The National Institute for Health and Care Excellence (NICE) Have today recommended the adoption of the iFuse device by Si-Bone, a Device Access Client.
The case for adopting the iFuse implant system to treat chronic sacroiliac joint pain is supported by the evidence. Using iFuse leads to improved pain relief, better quality of life and less disability compared with non-surgical management.
iFuse should be considered for use in people with a confirmed diagnosis of chronic sacroiliac joint pain (based on clinical assessment and a positive response to a diagnostic injection of local anaesthetic in the sacroiliac joint) and whose pain is inadequately controlled by non-surgical management.
Cost modelling indicates that after 8 years, using iFuse instead of non-surgical management will save the NHS around £129 per patient.

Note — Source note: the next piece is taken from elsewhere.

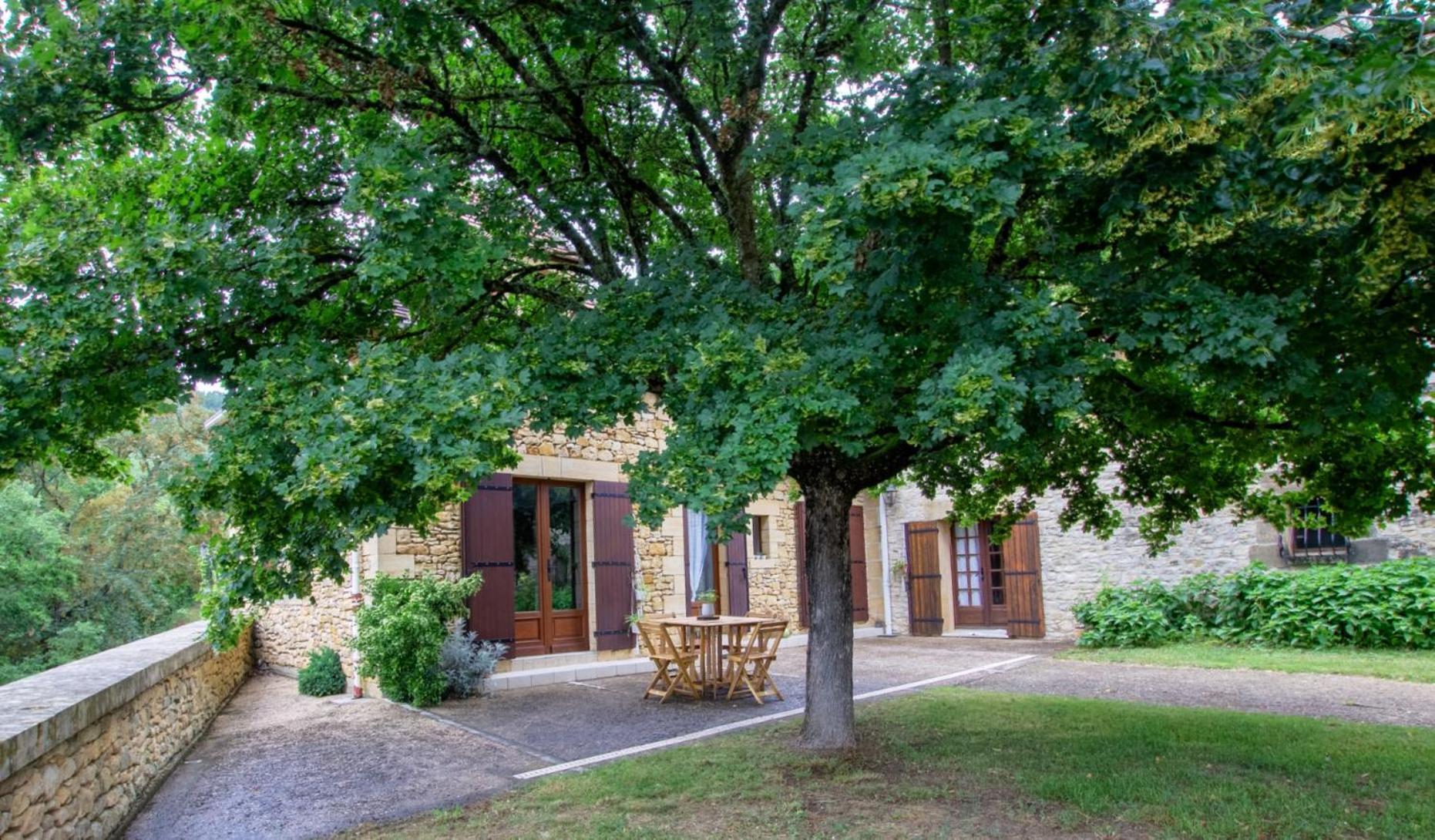 Le Baron Perche Villa Saint-Cyprien  Exteriör bild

It is likely that savings will then increase over time. Savings mainly come from fewer steroid joint injections and less pain relief medication with iFuse compared with non-surgical management.
The iFuse implant system (SI‑Bone) is a titanium implant intended for use in people with chronic sacroiliac joint pain. iFuse is placed across the sacroiliac joint using minimally invasive surgery, where it is intended to stabilise the joint and to correct any misalignment or weakness that can cause chronic pain. The implant is triangular, which is designed to limit movement and spread shear stresses evenly. It has a porous metal coating, which the company claims promotes bone-on-bone growth and encourages joint fusion. Typically, 3 implants are used per joint, depending on the size of the pelvis. Implanting iFuse is a technically challenging procedure for which surgeons need specific training (provided at no additional cost by the company).
The cost of iFuse stated in the company’s submission is £4,059, which includes 3 implants and the necessary consumables for the procedure. The cost of theatre time is estimated to be £1,310 per procedure (using HRG code HN13A‑F – Major hip procedures from NHS reference costs for 2015/16).
The claimed benefits in the case for adoption presented by the company are listed in the scope of this evaluation.
Chronic sacroiliac joint pain can affect people of any age and usually needs lifelong management. The standard of care is escalating non-surgical management, typically beginning with analgesic therapy (such as non-steroidal anti-inflammatory drugs or opioids) combined with physiotherapy. If these initial treatments are ineffective, invasive procedures may be considered. These include steroid injections into the sacroiliac joint itself and radiofrequency ablation to the nerves that supply the joint. Sacroiliac joint fusion may be considered if the chronic pain continues. This can be done through open surgery or through a minimally invasive procedure, using a device such as iFuse. Invasive procedures and surgical treatments for chronic sacroiliac joint pain are usually done by spinal surgeons and orthopaedic trauma pelvic surgeons working in specialist centres.